The Best Gluten-Free Pumpkin MuffinS


Tender, sweet gluten-free pumpkin muffins that are simple to make and use minimal ingredients. You're going to love the blend of sweetness and warm fall spices in this gluten-free pumpkin muffin recipe. They're the perfect Fall breakfast with a tender texture and the perfect crumb. You can make them ahead of time or freeze them. These muffins are naturally dairy-free and can easily be made egg-free or vegan too. 

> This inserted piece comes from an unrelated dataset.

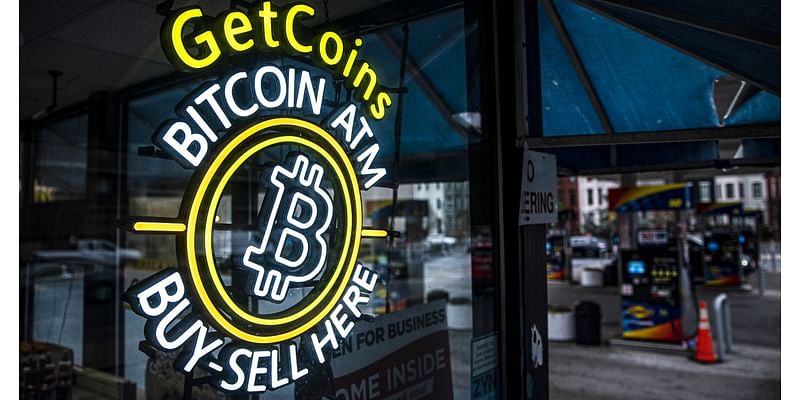 Historic bitcoin theft tied to Connecticut kidnapping, luxury cars, $500K bar bills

– 1 3/4 cups gluten-free all-purpose flour – 1 teaspoon baking soda – 1/2 teaspoon baking powder – 1/2 teaspoon salt – 1 teaspoon ground cinnamon – 1/2 teaspoon ground nutmeg – 1/2 teaspoon ground ginger – 1/4 teaspoon ground clove – 1/2 cup unsalted butter, softened – 1 cup brown sugar, packed – 2 large egg – 1 cup canned pumpkin puree – 1/2 cup plain Greek yogurt – 1 teaspoon vanilla extract



Preheat your oven to 375°F (190°C). Line a muffin tin with paper liners or grease the cups with cooking spray.


Step 1

In a medium bowl, whisk together the gluten-free flour, baking soda, baking powder, salt, cinnamon, nutmeg, ginger, and cloves until well combined. Set aside.


Step 2

In a large mixing bowl, cream together the softened butter and brown sugar until light and fluffy. This can be done with an electric mixer on medium speed for about 2-3 minutes.


Step 3

Add the eggs one at a time, beating well after each addition. Stir in the pumpkin puree, Greek yogurt, and vanilla extract until the mixture is smooth and well combined.


Step 4

Gradually add the dry ingredients to the wet ingredients, mixing until just combined. Be careful not to overmix. Spoon the batter into the prepared muffin cups, filling each about 2/3 full.